Mexico vs USA: When to Move Out?

Last night, Jorge and I were talking about a friend of ours who recently moved out of his parents’ house at the age of 25.

  • My thoughts: Ok.
  • Jorge’s thoughts: Well that’s controversial!

In the USA, most people move out of their parents’ house when they get a steady job after high school. Others go off to college, live there for 4 years, then move their leftover stuff out of their parents’ house when they get a job after graduating. If anyone is still living with their parents after age 23 or 24, it’s most likely because for whatever reason, they can’t afford to live on their own (not uncommon in today’s economy).

In Mexico, things are quite different. People are much more dependent on their families. Mexicans typically don’t move out of their parents’ home until one of three things happens:

  • They decide to study in another part of the country (somewhat rare)
  • They get a job in another part of the country
  • They get married

Universities in Mexico don’t typically have dorms or any kind of on-site living facilities, so most Mexicans choose to go to school somewhere close to the house they grew up in. I had a few friends in college here in Cancun who were living with roommates since they came from another state, but most of my university classmates were still at their parents’ house. I also know several Mexicans who have gotten 2 or 3 college degrees, all while living at home. Once, a 25-year-old friend even told me, “I’m thinking about moving into my own place, but my mother would be heartbroken. She’d wonder where she went wrong!”
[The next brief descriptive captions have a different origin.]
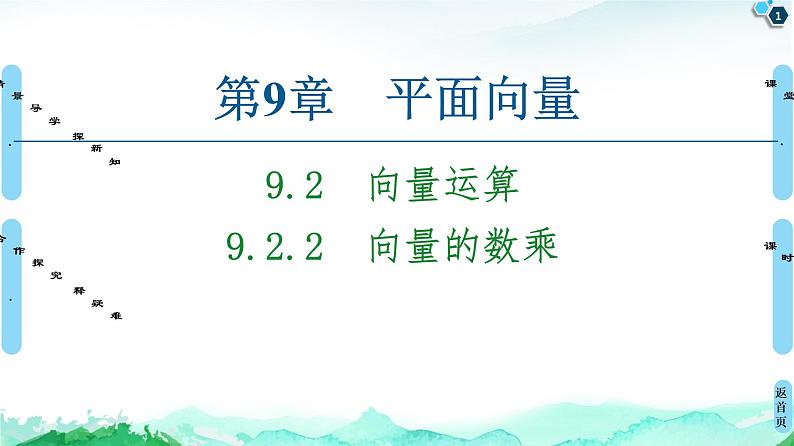 9.2.2向量的数乘-【新教材】苏教版（2019）高中数学必修第二册课件01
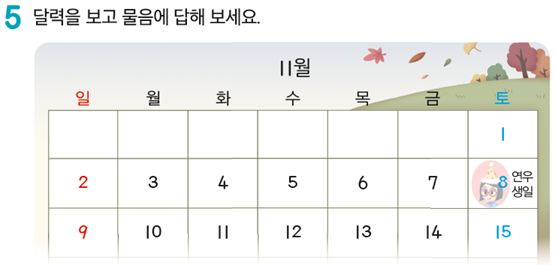 동아출판(주) 수학(1～2학년군)2-2 103쪽 현행내용 이미지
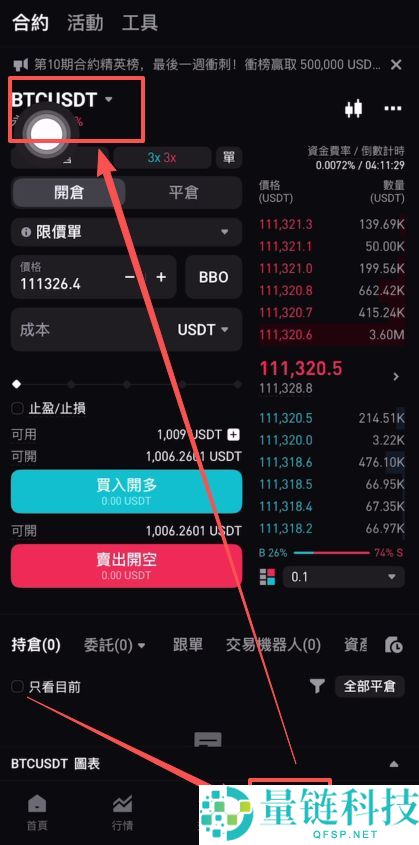 如何注册Bitget交易所？如何进行身份认证？Bitget官方APP如何下载？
Even now at age 26, the vast majority of my Mexican friends still live with their parents. I do know a few newlywed couples who live in their own home, and Jorge of course moved out of his parents’ house when we got married (although we almost moved into my in-laws’ upstairs apartment to save money).

Jorge with his family 🙂

Personally this is a cultural aspect that still boggles my mind. As someone who grew up in a culture where you finish school then get the heck out, it’s hard to comprehend why someone would want to put their independence on hold until they get married. Obviously the Mexican system works quite well, so I can’t criticize it, and I can’t say there’s anything wrong about it (sometimes I even wish I could live rent-free) … I just don’t understand it on a personal level because I was surrounded by something completely different growing up.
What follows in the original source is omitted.